Visualization of 1st-workflow.cwl

Visualization of 1st-workflow.cwl

Use a JSON object in a separate file to describe the input of a run:

1st-workflow-job.yml

tarball:
  class: File
  path: hello.tar
name_of_file_to_extract: Hello.java

Now invoke cwl-runner with the tool wrapper and the input object on the command line:

$ echo "public class Hello {}" > Hello.java && tar -cvf hello.tar Hello.java
$ cwl-runner 1st-workflow.cwl 1st-workflow-job.yml
[job untar] /tmp/tmp94qFiM$ tar --create --file /home/example/hello.tar Hello.java
[step untar] completion status is success
[job compile] /tmp/tmpu1iaKL$ docker run -i --volume=/tmp/tmp94qFiM/Hello.java:/var/lib/cwl/job301600808_tmp94qFiM/Hello.java:ro --volume=/tmp/tmpu1iaKL:/var/spool/cwl:rw --volume=/tmp/tmpfZnNdR:/tmp:rw --workdir=/var/spool/cwl --read-only=true --net=none --user=1001 --rm --env=TMPDIR=/tmp java:7 javac -d /var/spool/cwl /var/lib/cwl/job301600808_tmp94qFiM/Hello.java
[step compile] completion status is success
[workflow 1st-workflow.cwl] outdir is /home/example
Final process status is success
{
  "compiled_class": {
    "location": "/home/example/Hello.class",
    "checksum": "sha1$e68df795c0686e9aa1a1195536bd900f5f417b18",
    "class": "File",
    "size": 416
  }
}

What’s going on here? Let’s break it down:

cwlVersion: v1.0
class: Workflow

The cwlVersion field indicates the version of the CWL spec used by the document. The class field indicates this document describes a workflow.

inputs:
  tarball: File
  name_of_file_to_extract: string

The inputs section describes the inputs of the workflow. This is a list of input parameters where each parameter consists of an identifier and a data type. These parameters can be used as sources for input to specific workflows steps.

outputs:
  compiled_class:
    type: File
    outputSource: compile/classfile

The outputs section describes the outputs of the workflow. This is a list of output parameters where each parameter consists of an identifier and a data type. The outputSource connects the output parameter classfile of the compile step to the workflow output parameter compiled_class.

steps:
  untar:
    run: tar-param.cwl
    in:
      tarfile: tarball
      extractfile: name_of_file_to_extract
    out: [extracted_file]

The steps section describes the actual steps of the workflow. In this example, the first step extracts a file from a tar file, and the second step compiles the file from the first step using the java compiler. Workflow steps are not necessarily run in the order they are listed, instead the order is determined by the dependencies between steps (using source). In addition, workflow steps which do not depend on one another may run in parallel.

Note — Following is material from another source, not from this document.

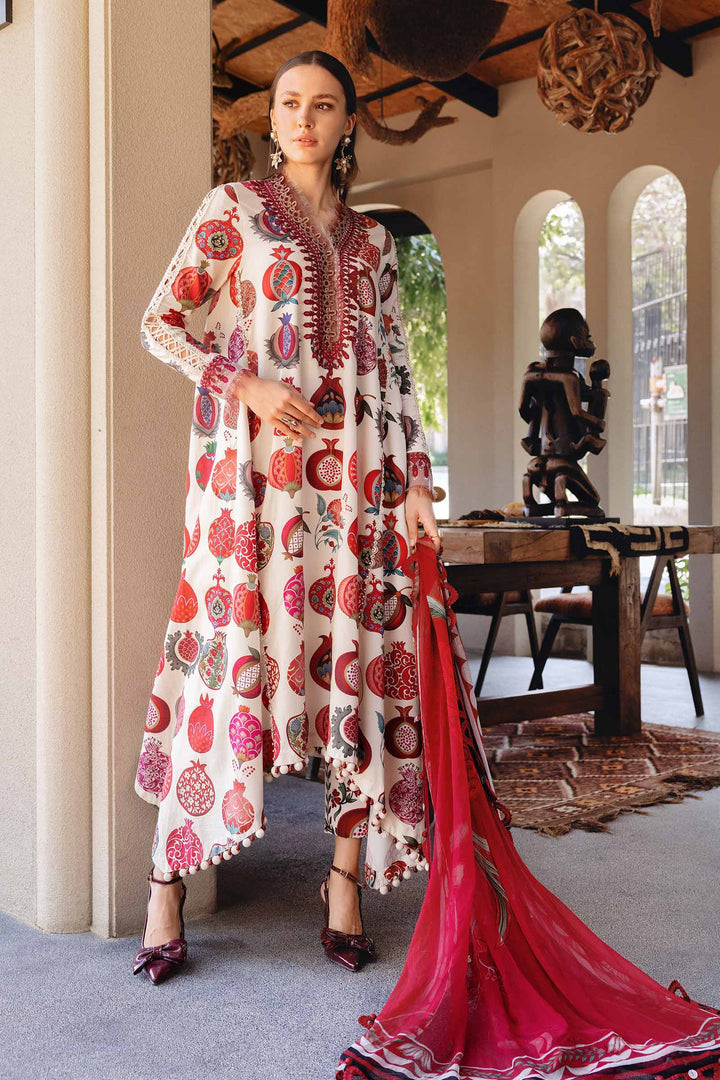 3 Piece Unstitched Embroidered Lawn Suit M.Prints MPA2903-999-00A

The first step, untar runs tar-param.cwl (described previously in Parameter references). This tool has two input parameters, tarfile and extractfile and one output parameter example_out.

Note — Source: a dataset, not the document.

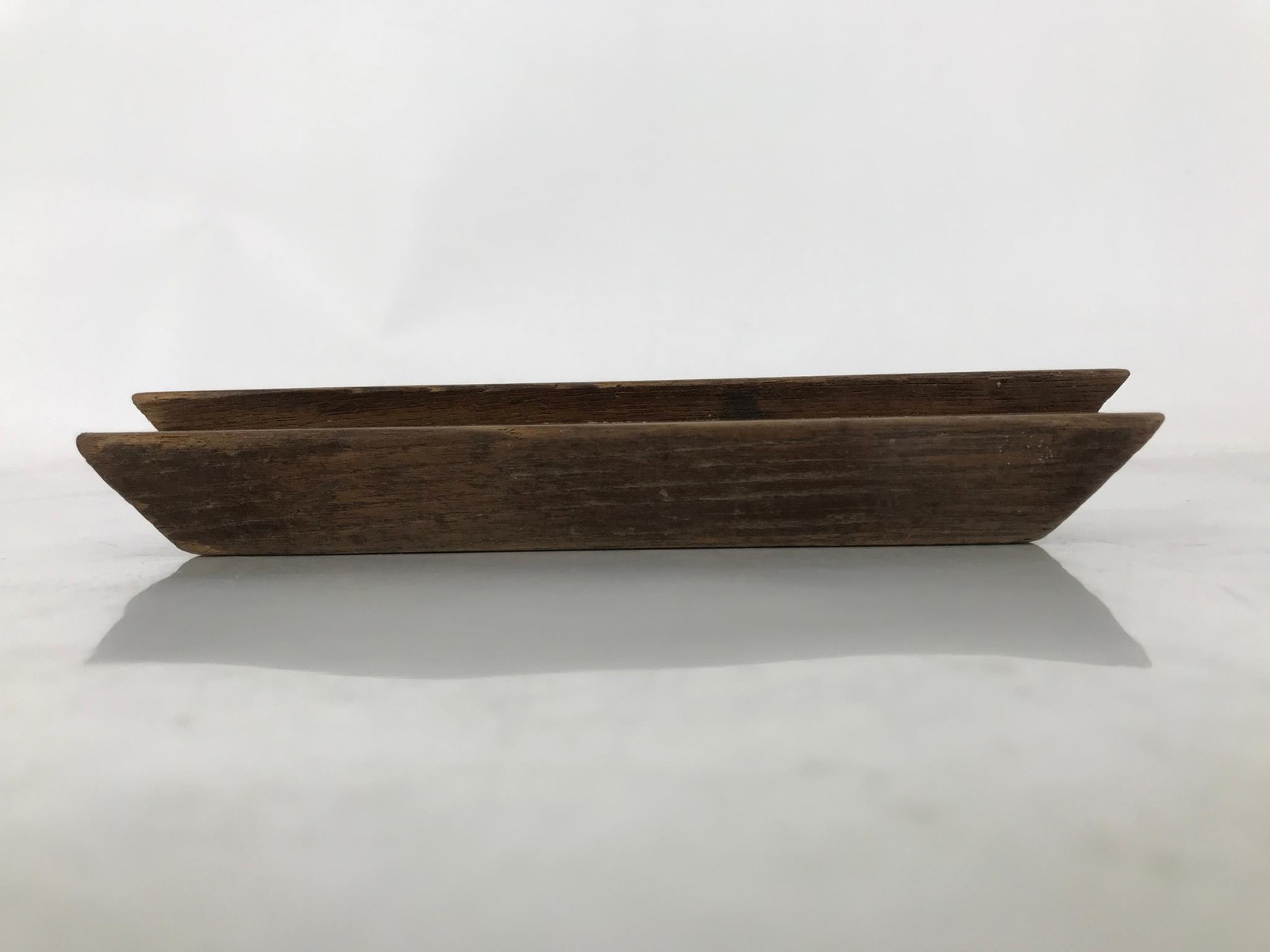 Japanese Wood Angle Ruler Vtg Square Woodworking Carpentry Tool 45degrees T309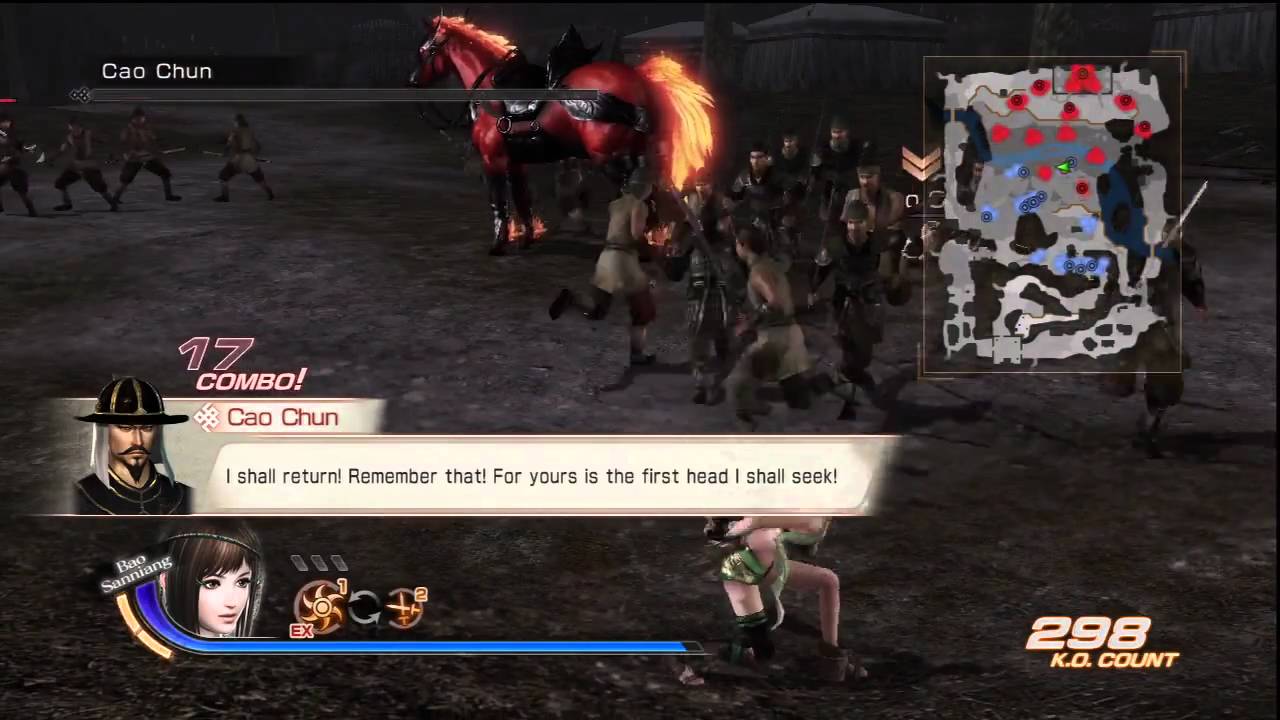 Bao Sanniang Legendary Battle 3 Hard Shu Conquest Gameplay Video Dynasty Warriors 7 PS3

The in section of the workflow step connects these two input parameters to the inputs of the workflow, tarball and name_of_file_to_extract using source. This means that when the workflow step is executed, the values assigned to tarball and name_of_file_to_extract will be used for the parameters tarfile and extractfile in order to run the tool.

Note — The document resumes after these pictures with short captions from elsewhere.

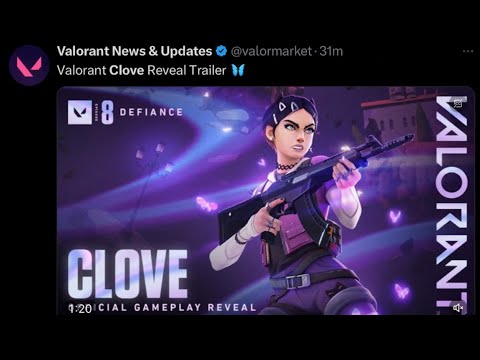 “Official” Valorant Clove Reveal Trailer 🦋 (with gameplay)
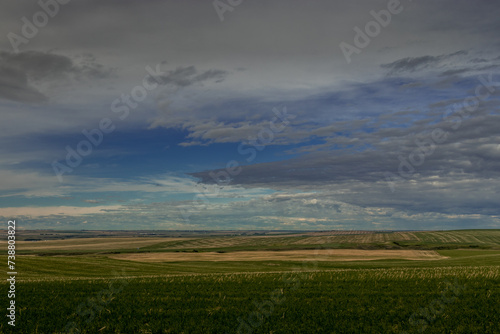 Porters Butte on the prairies Kneehill County Alberta Canada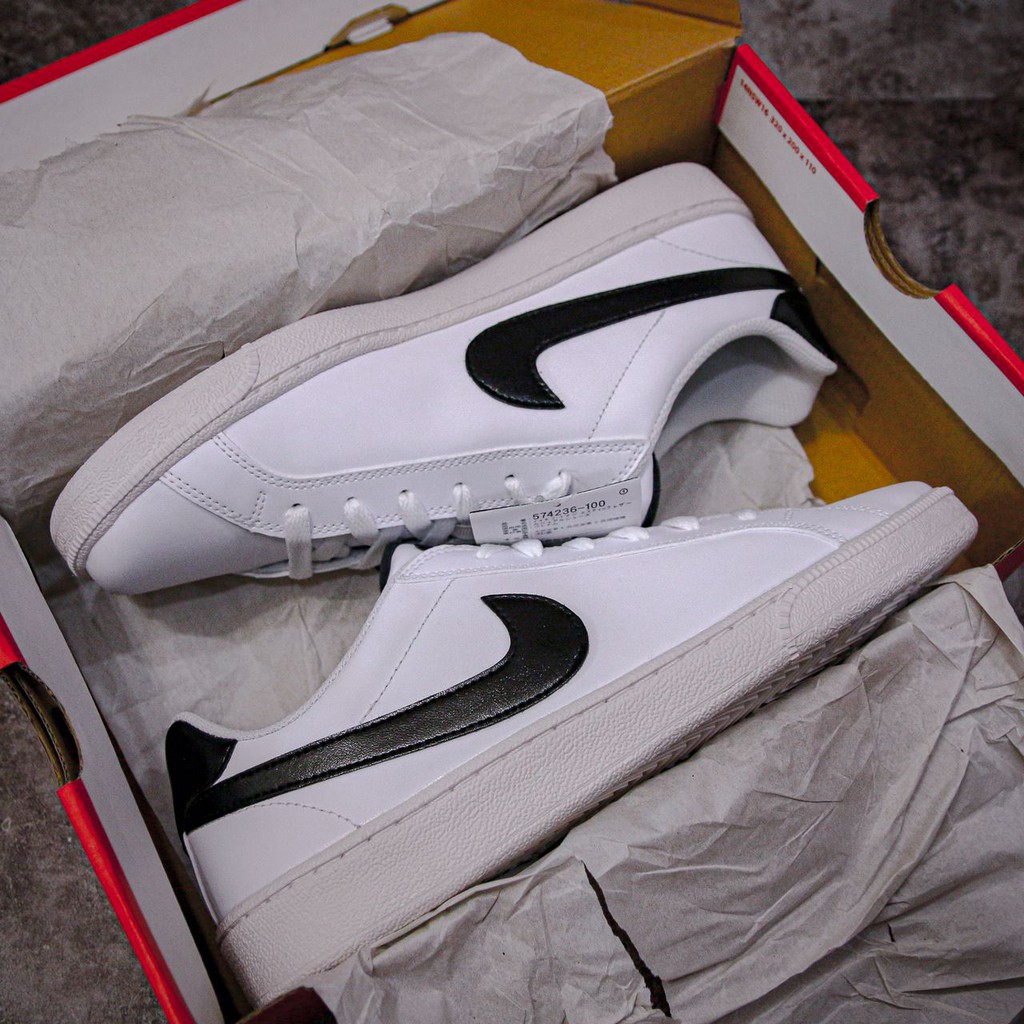 Giày Nike Court Majestic Leather Chính Hãng - 574236100 - Trắng móc đen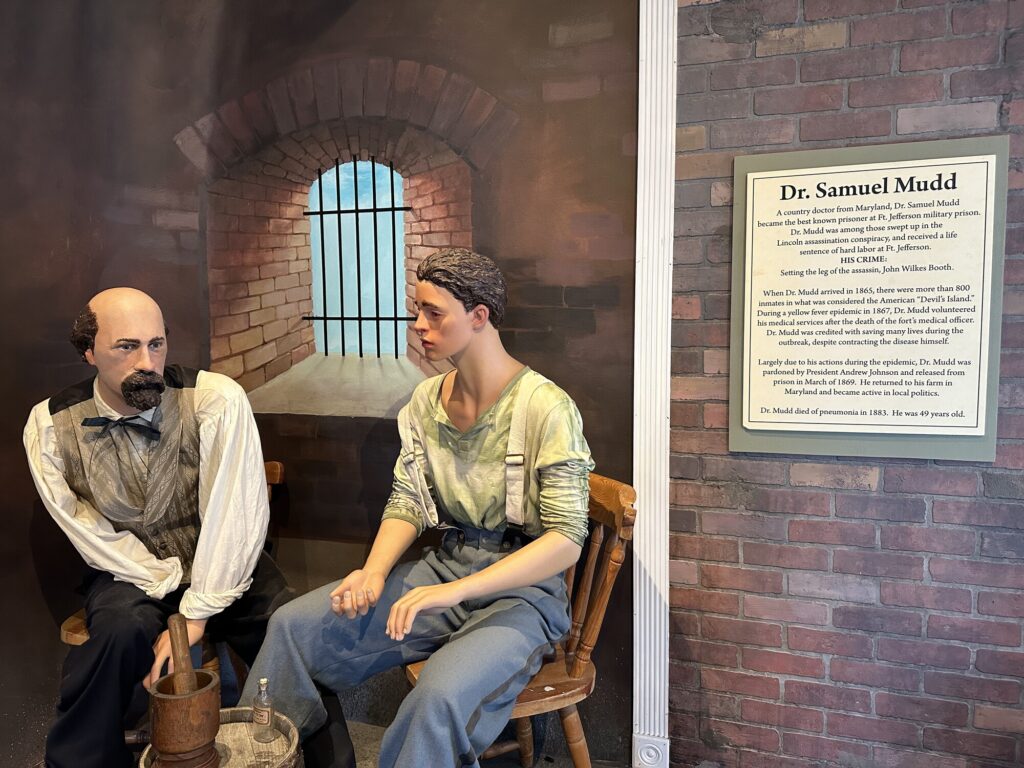 Dr. Mudd makes an appearance as well. - <i>Photo by the author</i>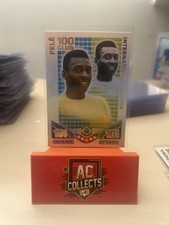 Match Attax 2010 World Cup Pele International Master Card 100 Club Football (363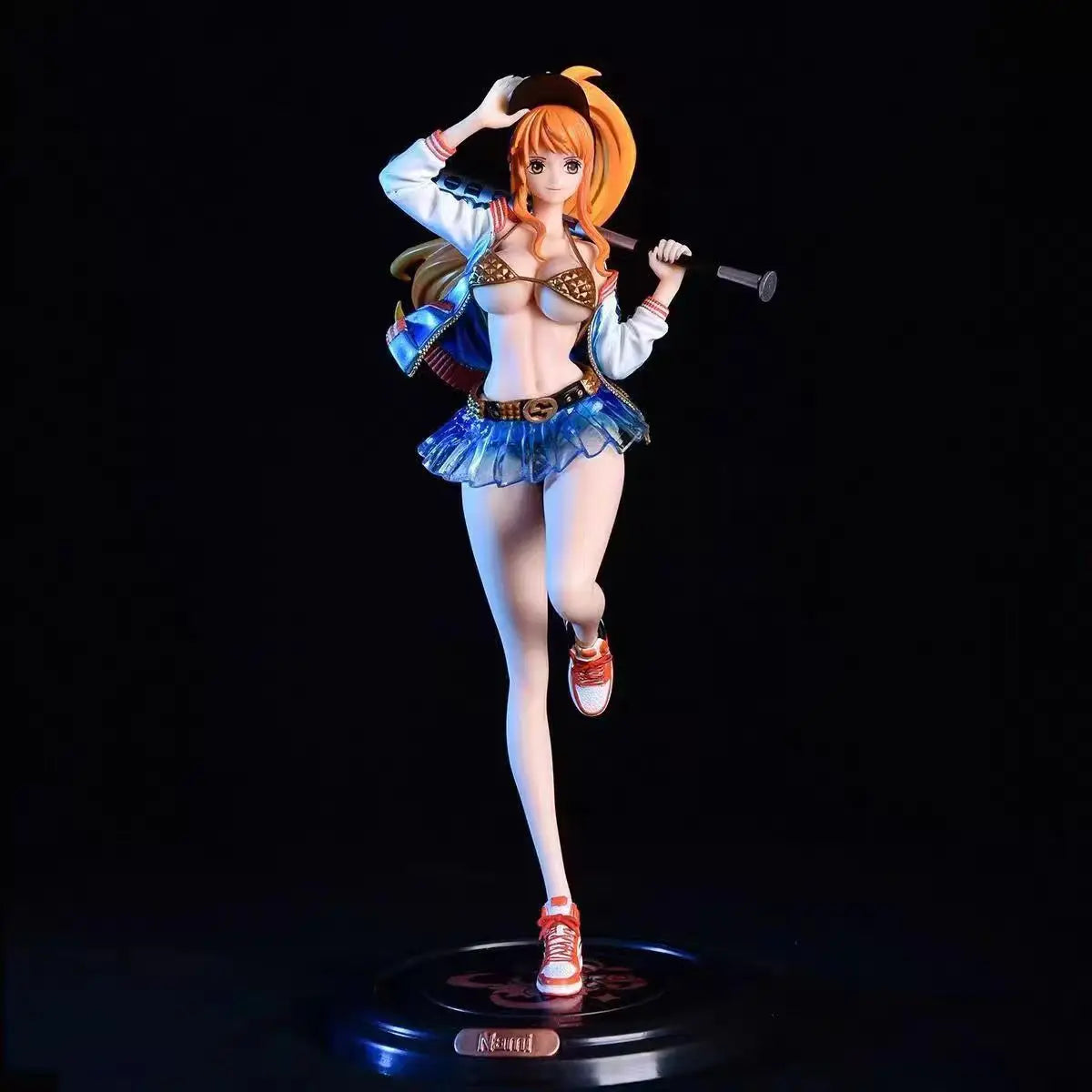 One Piece Anime Figur Gk Street Fashion Nami Statue Puppe Pvc Action Figur Desktop Sammlung Dekoration Modell Spielzeug Geschenke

The out section of the workflow step lists the output parameters that are expected from the tool.

  compile:
    run: arguments.cwl
    in:
      src: untar/extracted_file
    out: [classfile]

The second step compile depends on the results from the first step by connecting the input parameter src to the output parameter of untar using untar/extracted_file. The output of this step classfile is connected to the outputs section for the Workflow, described above.

Key Points

  • Each step in a workflow must have its own CWL description.

  • Top level inputs and outputs of the workflow are described in the inputs and outputs fields respectively.

  • The steps are specified under steps.

  • Execution order is determined by the connections between steps.